:: TASK INSTRUCTIONS ::
In the records below, find the line with "Wall Kit, Quary-3" and repeat exactly every line from it through the line with "70th Birthday Classic". Pictures stay out.

Image-text web data:
# # # #

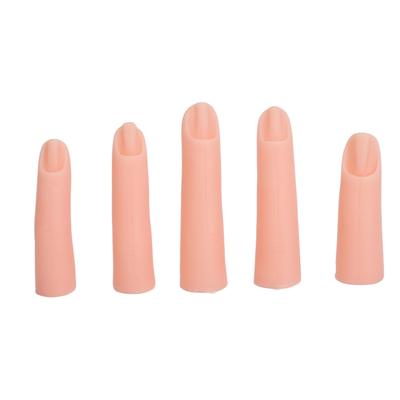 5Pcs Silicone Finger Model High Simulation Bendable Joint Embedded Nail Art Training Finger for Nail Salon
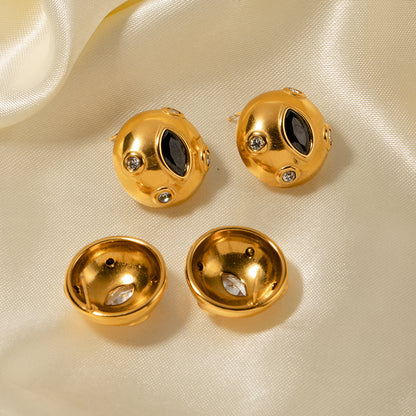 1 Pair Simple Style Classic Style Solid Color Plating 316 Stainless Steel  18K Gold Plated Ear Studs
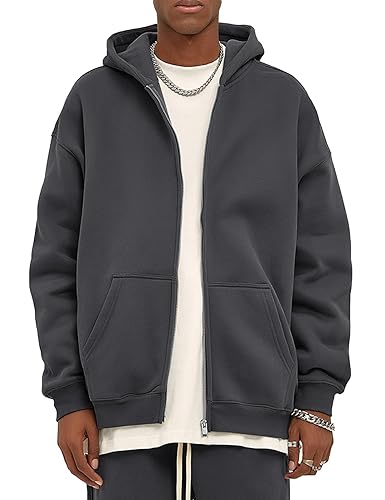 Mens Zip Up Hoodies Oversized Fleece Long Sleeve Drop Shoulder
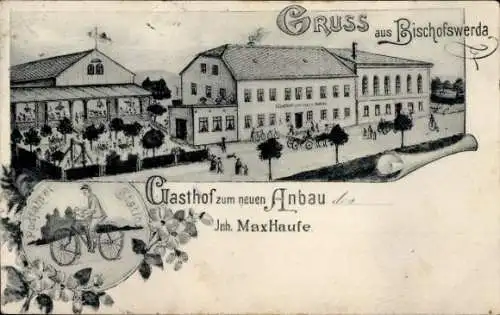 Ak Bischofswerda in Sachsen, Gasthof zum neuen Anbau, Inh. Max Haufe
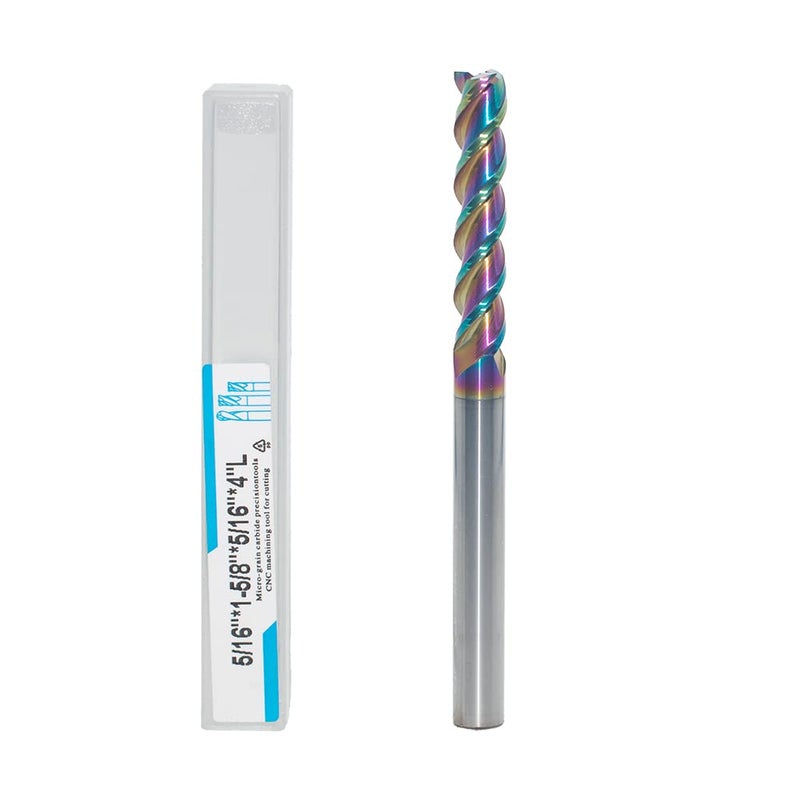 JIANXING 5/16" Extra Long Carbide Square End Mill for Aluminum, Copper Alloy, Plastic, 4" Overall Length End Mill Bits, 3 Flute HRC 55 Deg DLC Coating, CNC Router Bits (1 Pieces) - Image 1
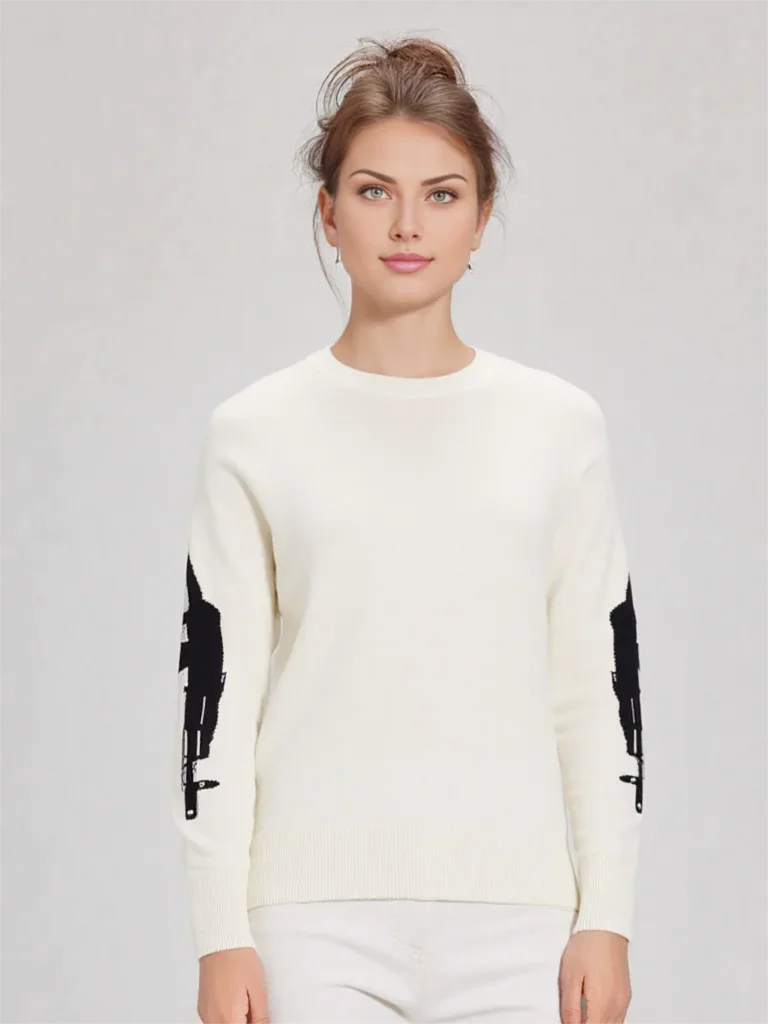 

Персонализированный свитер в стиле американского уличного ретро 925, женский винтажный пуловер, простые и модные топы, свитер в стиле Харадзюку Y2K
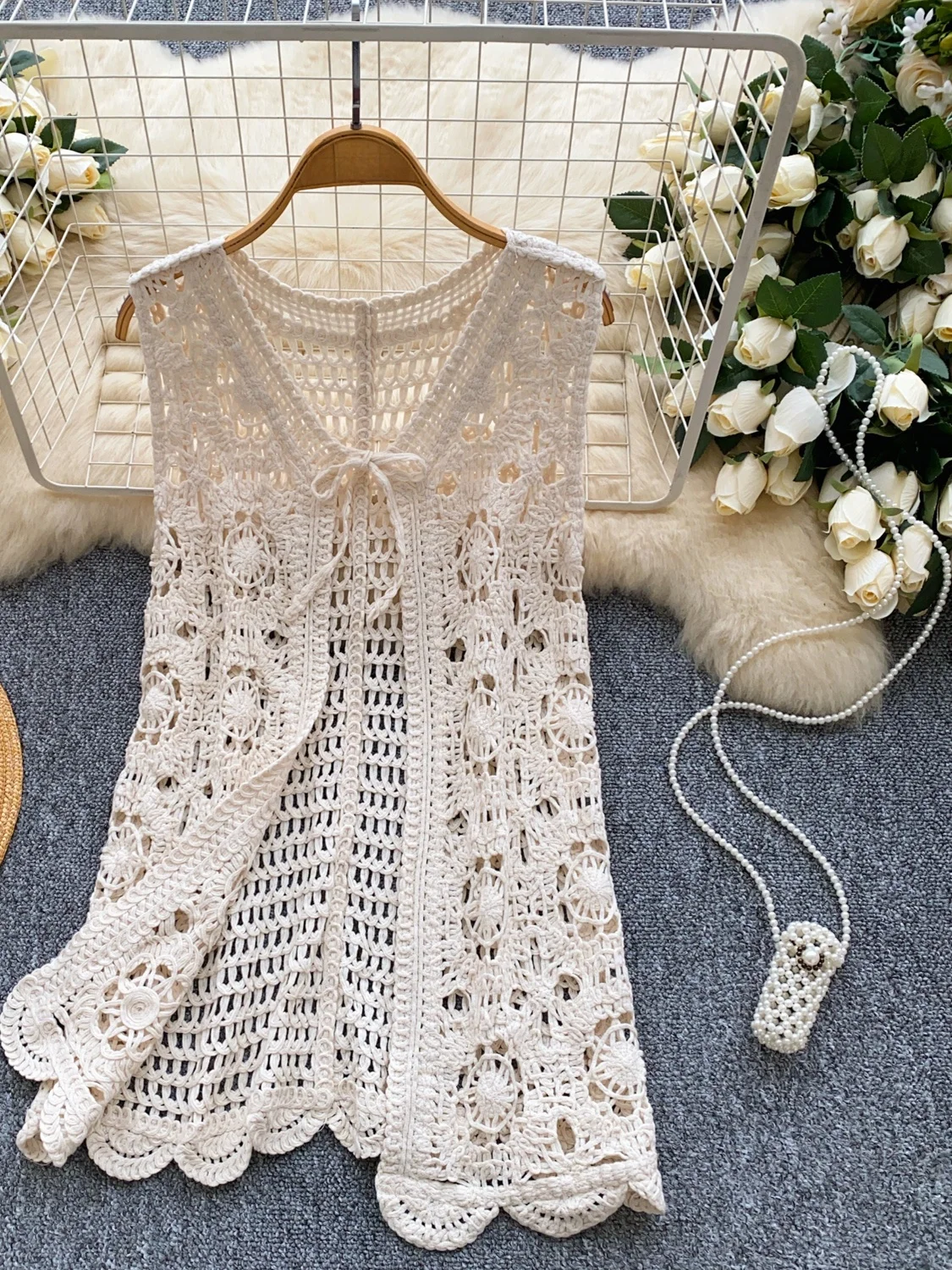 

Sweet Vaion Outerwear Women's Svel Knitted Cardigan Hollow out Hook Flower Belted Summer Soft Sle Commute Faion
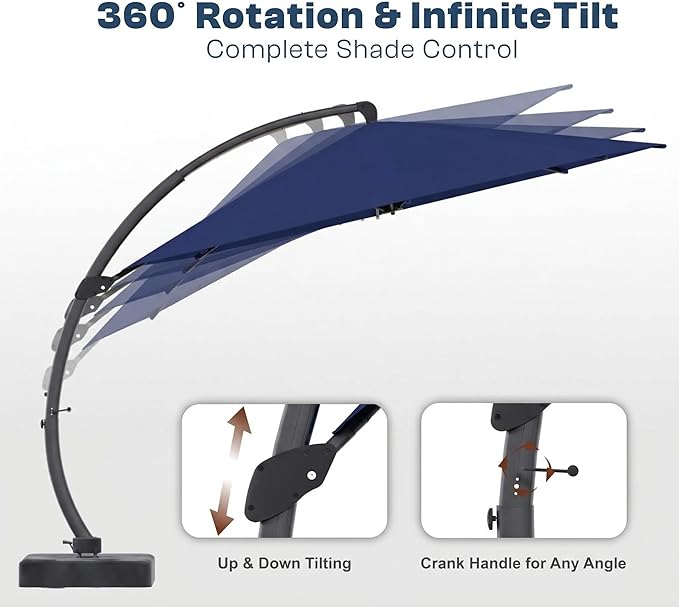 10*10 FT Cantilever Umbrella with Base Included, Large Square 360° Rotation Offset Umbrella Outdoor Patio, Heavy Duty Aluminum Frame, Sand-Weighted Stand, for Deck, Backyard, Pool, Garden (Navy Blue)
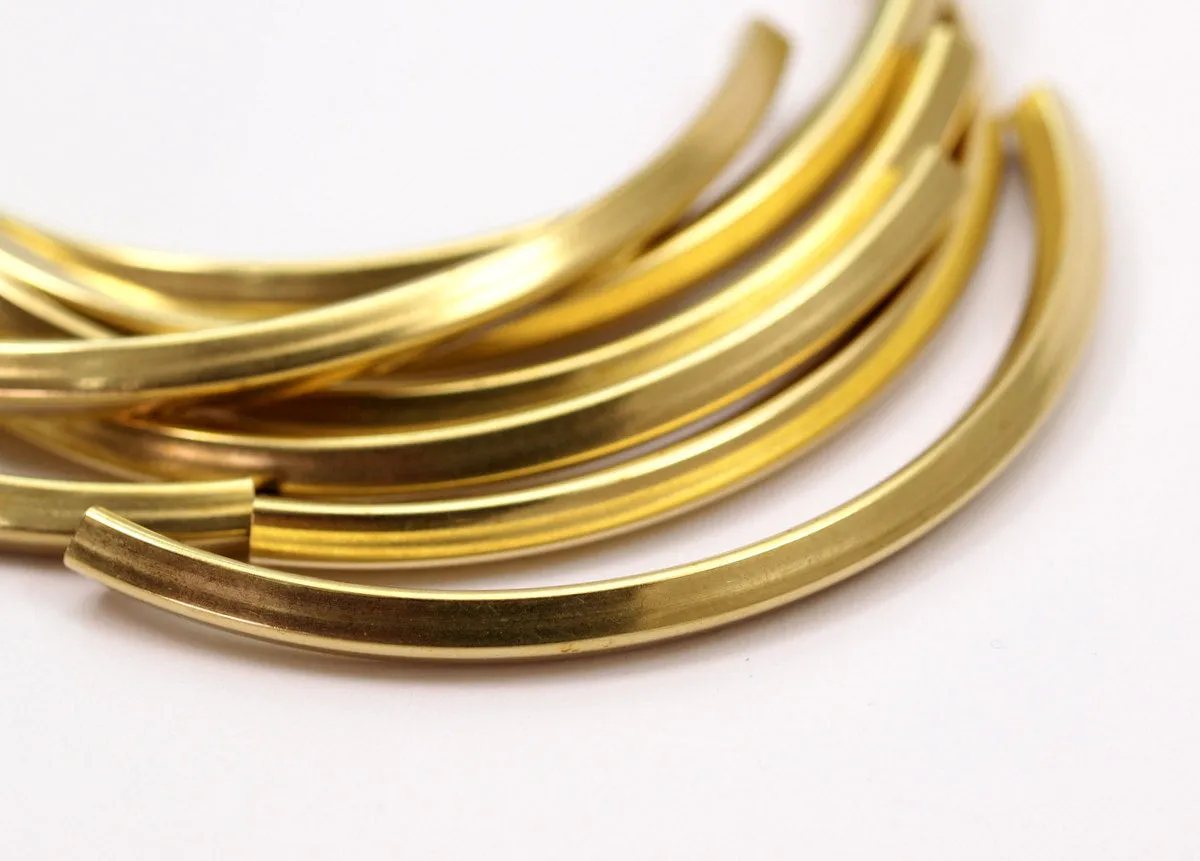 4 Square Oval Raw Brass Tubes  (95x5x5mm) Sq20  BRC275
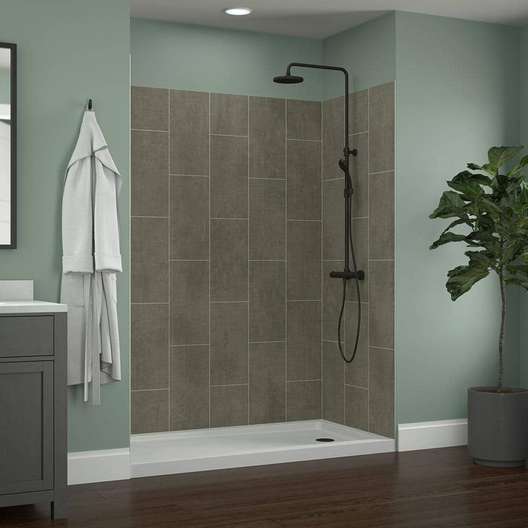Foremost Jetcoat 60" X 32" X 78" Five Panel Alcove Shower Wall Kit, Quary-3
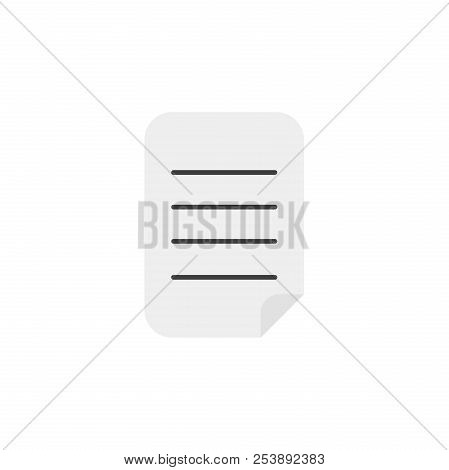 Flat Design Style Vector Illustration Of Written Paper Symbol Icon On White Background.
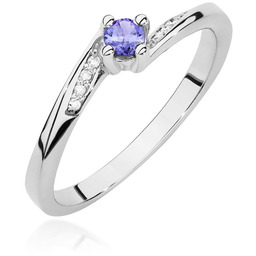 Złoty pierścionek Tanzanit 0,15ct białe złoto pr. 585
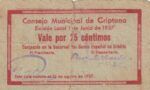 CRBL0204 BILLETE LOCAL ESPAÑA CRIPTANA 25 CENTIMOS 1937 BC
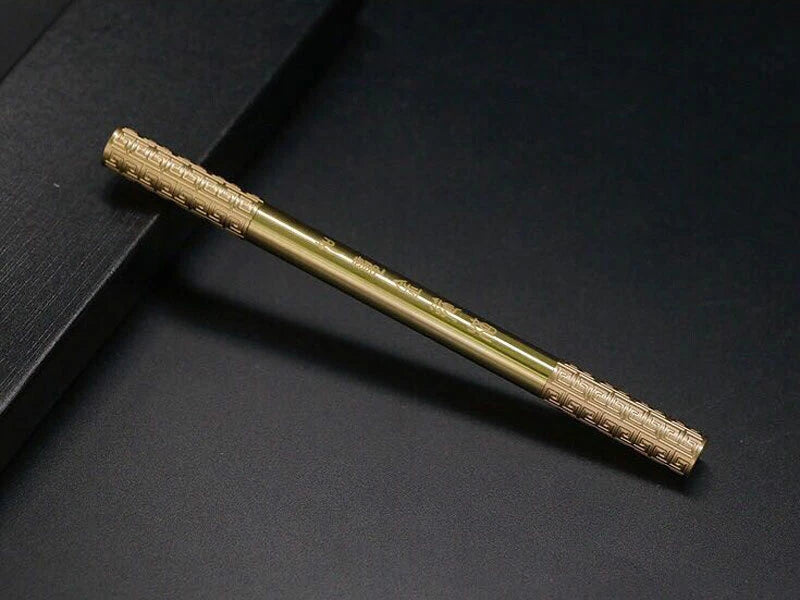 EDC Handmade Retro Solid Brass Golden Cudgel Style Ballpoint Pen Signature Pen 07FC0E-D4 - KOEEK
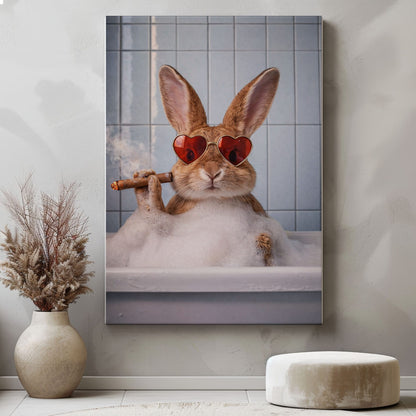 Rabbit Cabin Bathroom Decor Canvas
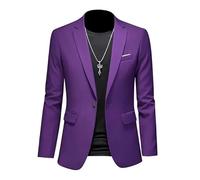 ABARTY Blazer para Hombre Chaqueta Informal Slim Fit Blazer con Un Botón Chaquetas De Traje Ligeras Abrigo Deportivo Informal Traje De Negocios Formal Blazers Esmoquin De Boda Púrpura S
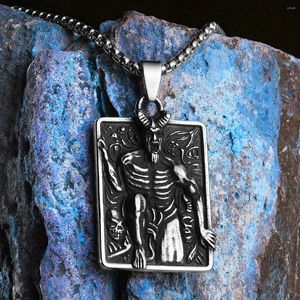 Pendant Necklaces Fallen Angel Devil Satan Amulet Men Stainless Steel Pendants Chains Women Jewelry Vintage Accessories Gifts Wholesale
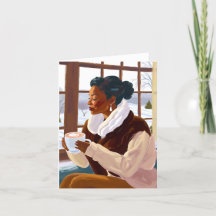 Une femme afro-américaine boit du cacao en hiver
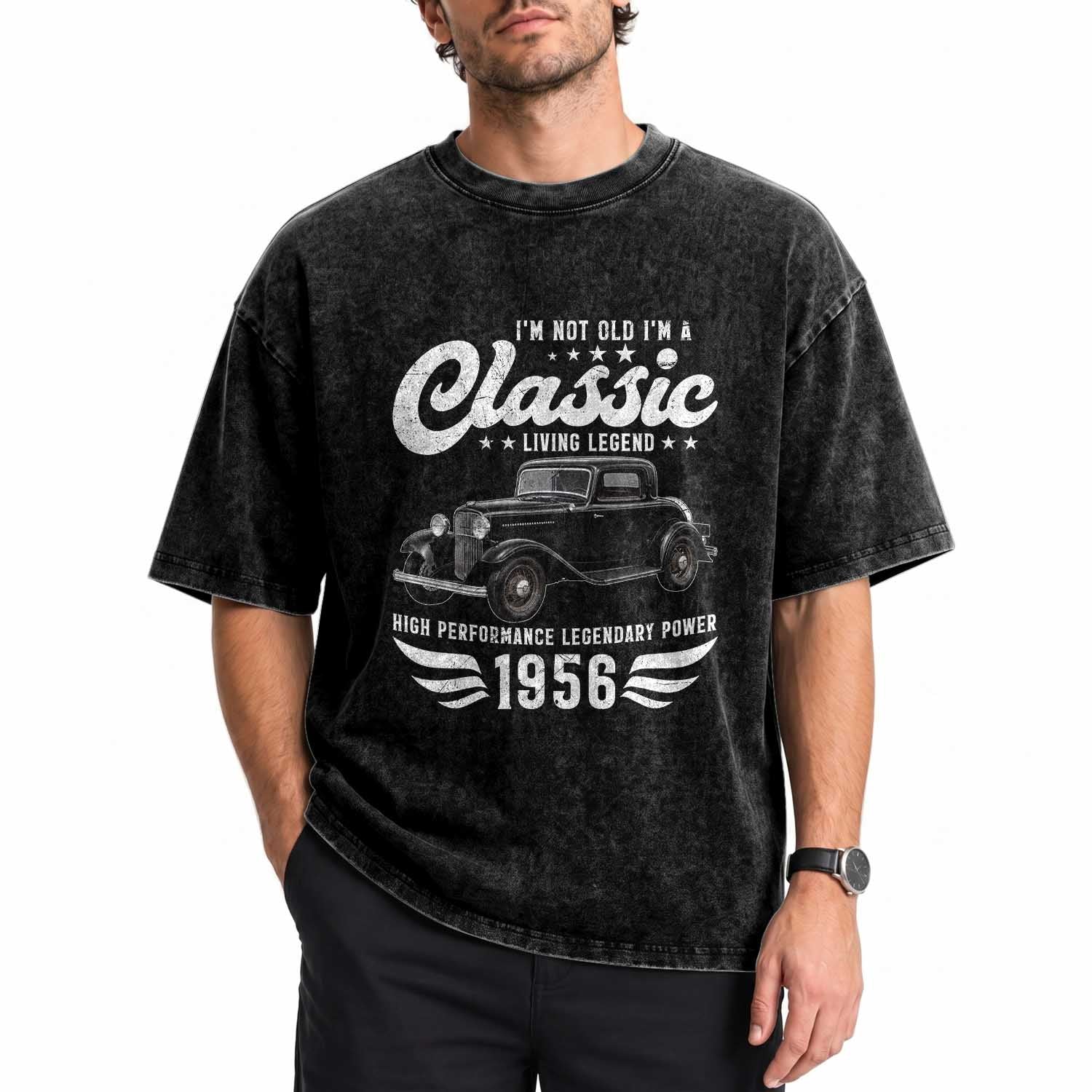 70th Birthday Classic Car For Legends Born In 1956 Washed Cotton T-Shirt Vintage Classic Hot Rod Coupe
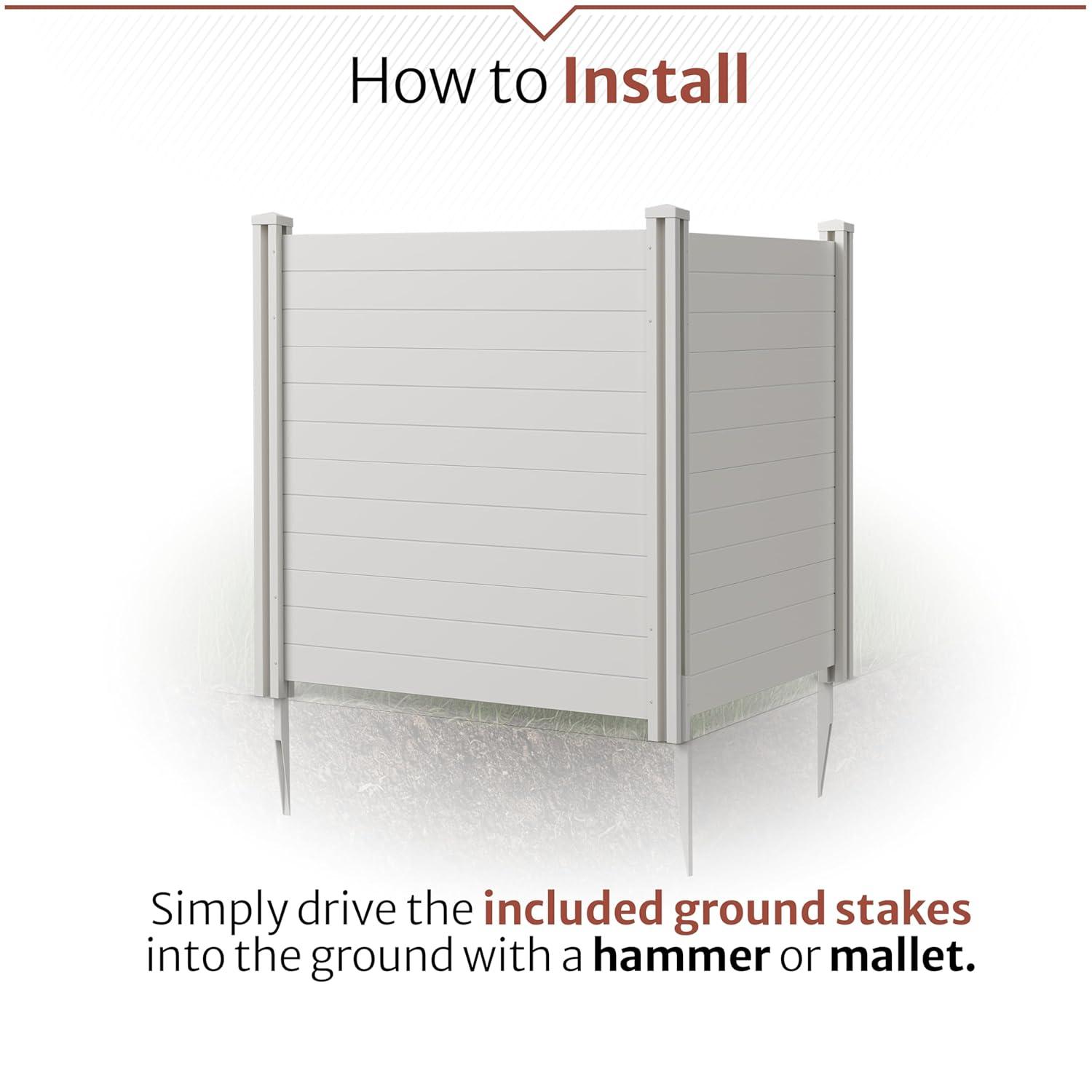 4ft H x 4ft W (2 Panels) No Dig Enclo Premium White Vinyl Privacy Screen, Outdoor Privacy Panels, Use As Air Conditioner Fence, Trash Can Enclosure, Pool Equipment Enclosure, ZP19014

# # # #

:: RESPONSE BOX ::
Foremost Jetcoat 60" X 32" X 78" Five Panel Alcove Shower Wall Kit, Quary-3
 Flat Design Style Vector Illustration Of Written Paper Symbol Icon On White Background.
 Złoty pierścionek Tanzanit 0,15ct białe złoto pr. 585
 CRBL0204 BILLETE LOCAL ESPAÑA CRIPTANA 25 CENTIMOS 1937 BC
 EDC Handmade Retro Solid Brass Golden Cudgel Style Ballpoint Pen Signature Pen 07FC0E-D4 - KOEEK
 Rabbit Cabin Bathroom Decor Canvas
 ABARTY Blazer para Hombre Chaqueta Informal Slim Fit Blazer con Un Botón Chaquetas De Traje Ligeras Abrigo Deportivo Informal Traje De Negocios Formal Blazers Esmoquin De Boda Púrpura S
 Pendant Necklaces Fallen Angel Devil Satan Amulet Men Stainless Steel Pendants Chains Women Jewelry Vintage Accessories Gifts Wholesale
 Une femme afro-américaine boit du cacao en hiver
 70th Birthday Classic Car For Legends Born In 1956 Washed Cotton T-Shirt Vintage Classic Hot Rod Coupe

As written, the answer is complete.